We are delighted. Jamie is still wondering how his reverse psychology failed but he will catch up eventually! He's happy, he just hoped by saying he was 100% sure it was a girl...it would be a boy!
I started drinking fluids an hour early like the office told me to. I snuck in a little Dr. Pepper for good measure so baby would be movin'! Well, by the time I got off the elevator I had to make a pit stop to relieve my bladder partially. Then I sat and waited and was contemplating partially emptying again when the ultrasound tech called my name. As always J is never a minute late but never a minute early either. To get to the ultrasound room we have to exit the office. I tried calling him because he hadn't arrived yet and wouldn't you know it, we picked him up fresh off the elevator on our way to the ultrasound room. Always in the nick of time! I had to pee so bad I wondered if I laid down, would it come rushing out. I did okay until the UT started pressing on my stomach with the wand. Yowza! This was my first external ultrasound which I really liked. J squeezed my hand in anticipation of finding out what we were having. I knew the answer would be towards the end of the appointment because there were measurements and body parts the UT had to find first. We stared at the screen trying to catch a glimpse of the sex before she announced it. She started measuring the brain and spine, etc. and then she wiped off my stomach and said I could use the bathroom. Jamie was like, "uh, we have more to see, right!?!" She had measured the really important stuff and graciously let me go pee which I appreciated! Then I came back and laid back down, she re-jellied up my belly and we were off again.

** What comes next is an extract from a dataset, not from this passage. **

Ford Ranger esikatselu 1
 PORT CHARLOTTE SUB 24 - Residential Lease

J assumed position on my left side and squeezed my hand again, she showed us the face, the upper lip, the bladder, the kidneys, the legs, feet, and then she said "Are you ready?" We both said yes and squeezed hands and she said "that's the bottom" and there was silence. I didn't see anything but a hot dog bun looking thing with a bright spot and I was thinking to myself "okay, if I'm looking at the bottom and I see two oval shaped things and a bright spot, is that the scrotum and penis or is it the labia and clitoris?" Jamie said "it's a girl". She said "yep." He said "I knew it. I called it."

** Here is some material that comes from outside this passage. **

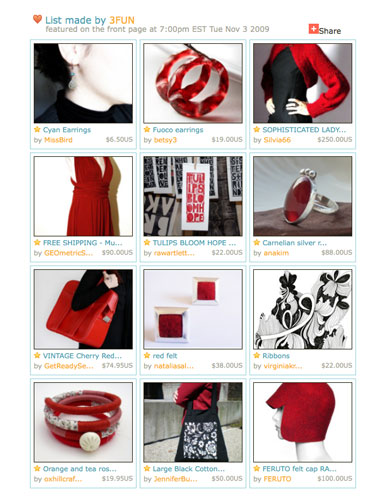 Etsy landing-page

I cried. I laid there on that table with my head tilted toward the screen and tears hit the paper under my head. I wanted a girl so bad. I was afraid to say it but I wanted a girl so I could have a mother/daughter relationship besides the one I have with my own mom. I laid there on the bed with J squeezing my hand and knew I had everything that was important to me right there in that room. My husband and my daughter. My family. My new family. I laid there feeling immense pride. I was so proud of all we had been through and for where we were that very moment. Jamie is going to make the best Dad. I know it. I have always told him he's meant to have a girl. This guy knows girls. I can't wait to see him hold his daughter. I looked at the screen and I told J, "Look at her. Do you remember when she was just an embryo?" We had come so far. Then the UT put the ultrasound on video and we all sat there still while we watched the baby move. She wiggled a few times (this is when I admitted to having Dr. Pepper) and then she let out the cutest, biggest yawn ever stretching her arms out. The UT rewound the video and we all watched in amazement again. The UT said "it's hard work in there." That it must be with a yawn that big!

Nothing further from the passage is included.